Effects of guarana and its extracts in the immune system are few reported. Recently, a study using an animal model verified that guarana seeds present an immunomodulatory activity with expression decrease of NF-Kβ and COX2, as well as significant reduction of cytokines expression like IL-1, IL-6, and TNF-α [35]. Results showed here demonstrated that guarana decreases levels of inflammatory cytokines IFN-γ, IL-6, and IL-10, following a dose-response pattern. CE and EFA decreased IL-17A levels, but the results were not significant. Immunomodulatory action of guarana is probably associated with catechins and caffeine present in our extracts and fractions composition.
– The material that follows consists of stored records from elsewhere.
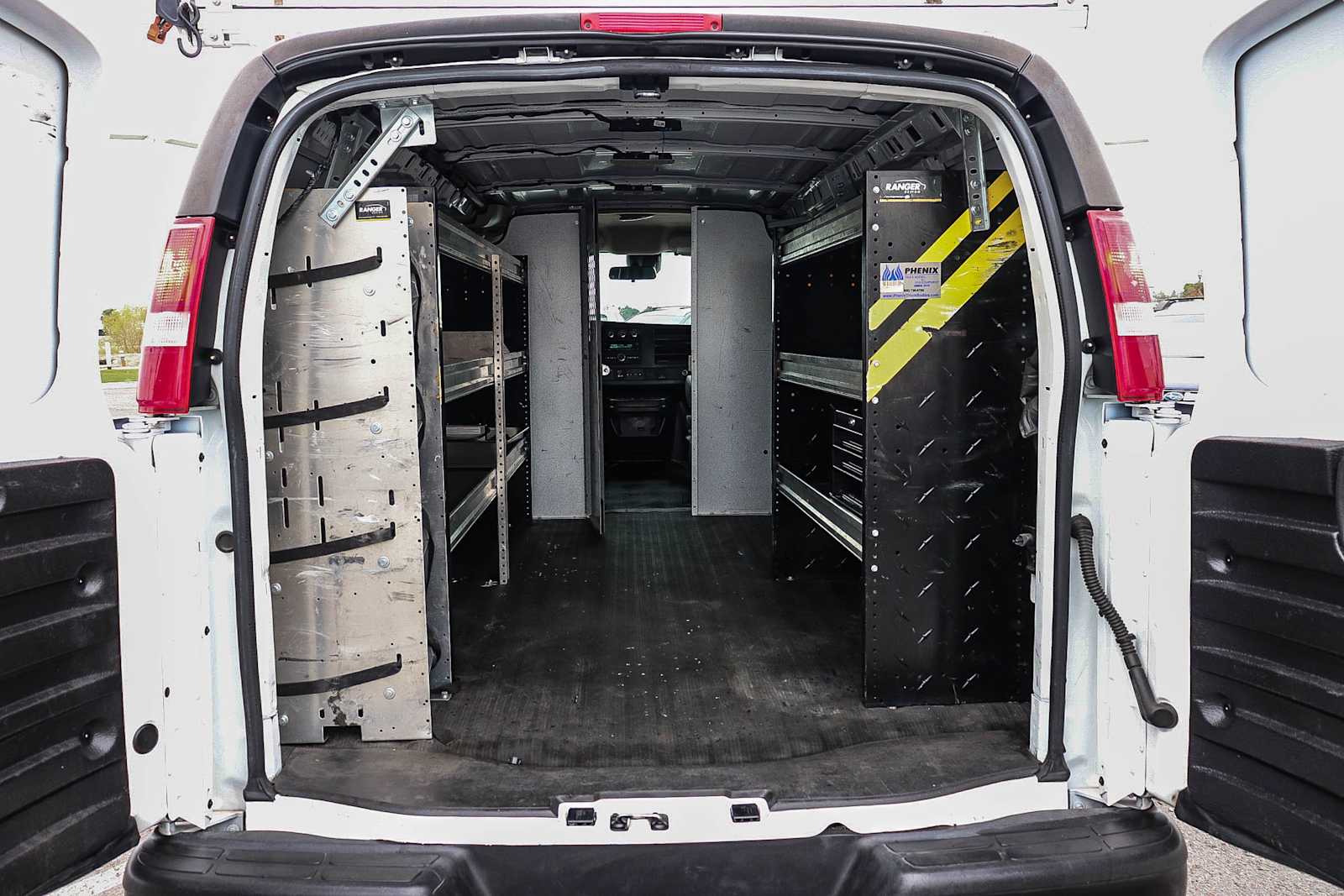 Thumbnail: 2023 GMC Savana - 33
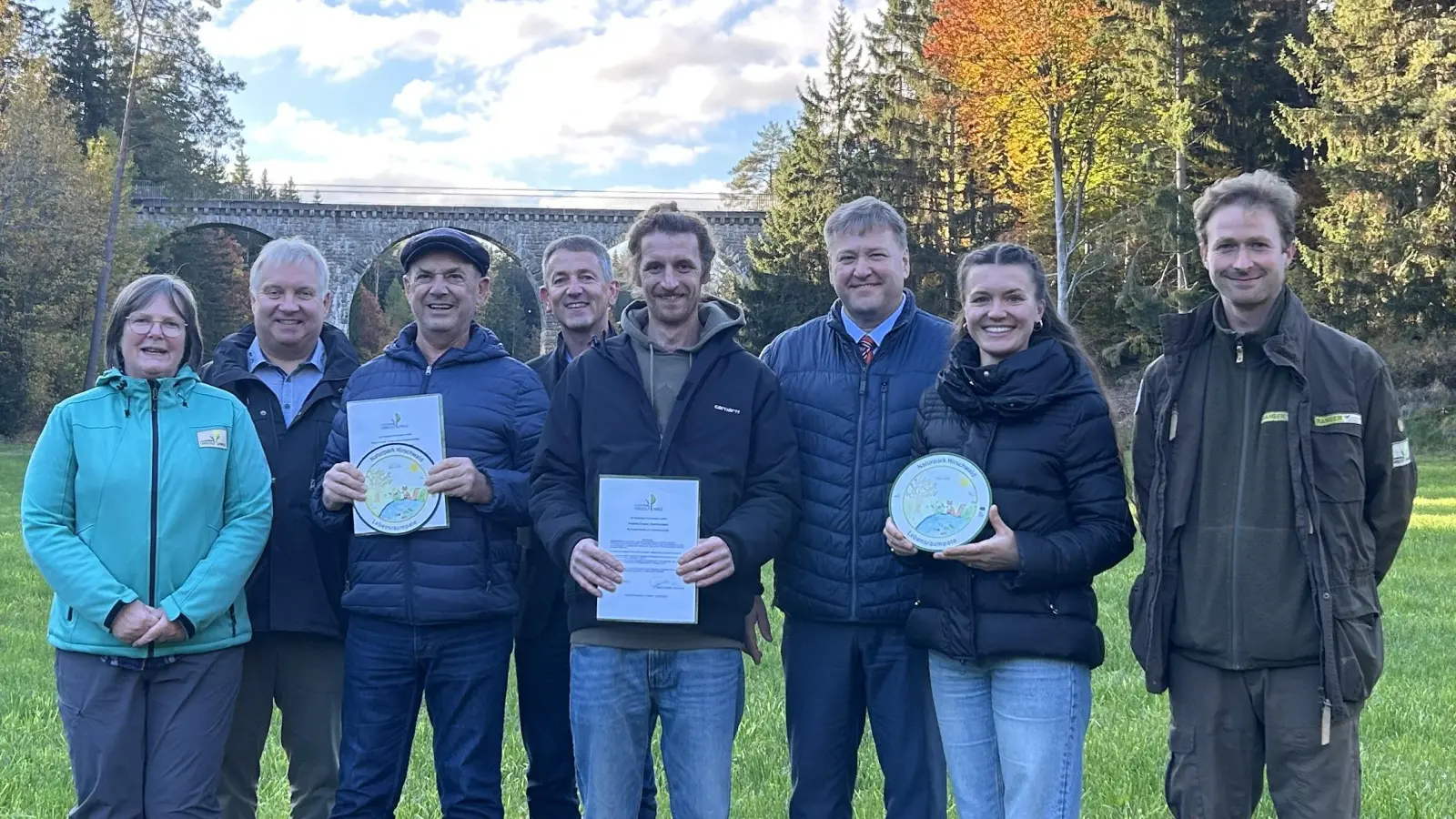 v.l.n.r.: Naturpark-Geschäftsführerin Isabel Lautenschlager, Naturpark-Vorsitzender Markus Dollacker, Franz Forster, Bürgermeister Albert Geitner, Matthias Forster, Bürgermeister Stefan Braun, Friderike Fromm, Naturpark-Ranger Jonas Nelhiebel (Bild: Isabell Geitner)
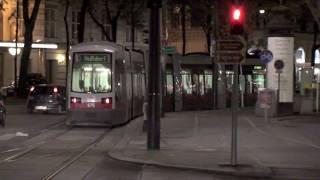 Vienna trams 1 - night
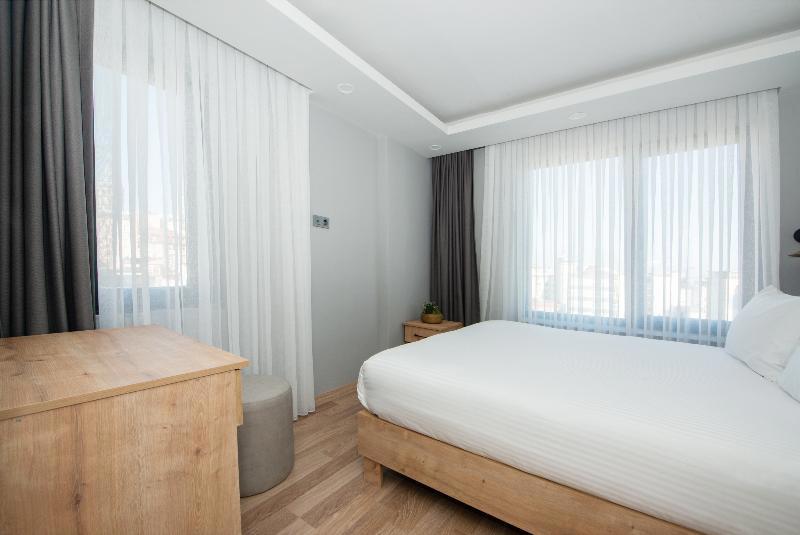 Art Karakoy Suites Hotel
Caffeine acts as an antagonist of adenosine receptors, inhibiting the enzyme adenosine monophosphate phosphodiesterase and increasing the amount of intracellular cAMP (cyclic adenosine monophosphate) that can reduce the production of proinflammatory cytokines such as IFN-γ [3638]. In a second study, an in vitro protocol was used to evaluate the effect of guarana in inflammatory markers levels. PBMCs were treated with and without guarana (5 g/mL), glucose (15 mM), and insulin (1 mU/mL). They also evaluated in vivo plasma cytokine levels in healthy individuals supplemented with guarana (90 mg/day) for 14 days. In both in vitro and in vivo tests a decrease in the levels of proinflammatory cytokines IL-1β, IL-6, TNF, and IFN-γ [39] was observed, confirming our findings. Tannins such as procyanidins have been studied to present an anti-inflammatory effect by inhibition of proinflammatory cytokines like IL-6 and TNF-α [40]. EAF also presents procyanidins in its composition [12] and these compounds can be associated with its immunomodulatory profile observed at this study.

5. Conclusion

Paullinia cupana extracts have potential to be studied, mainly because of their low cytotoxic potential in normal cells. Both CE and EAF of guarana have an antimicrobial and immunomodulatory potential of being an important source of new therapeutic approaches. Simultaneous presence of different bioactivities observed in this study in vitro for both CE and EAF suggests that Paullinia cupana is an interesting source of bioactive substances, especially tannins that may be used in the future for the treatment of several diseases.

Competing Interests

The authors report no declarations of interests.

Authors’ Contributions

Lidiane Vasconcelos do Nascimento Carvalho and Marina Ferraz Cordeiro contributed equally to this work.


The authors thank CNPq, CAPES, FACEPE, and Instituto Nacional de Ciência e Tecnologia para Inovação Farmacêutica (INCT_if) for the financial support and Therapeutic Innovation Post Graduate Program of Federal University of Pernambuco for supporting this work.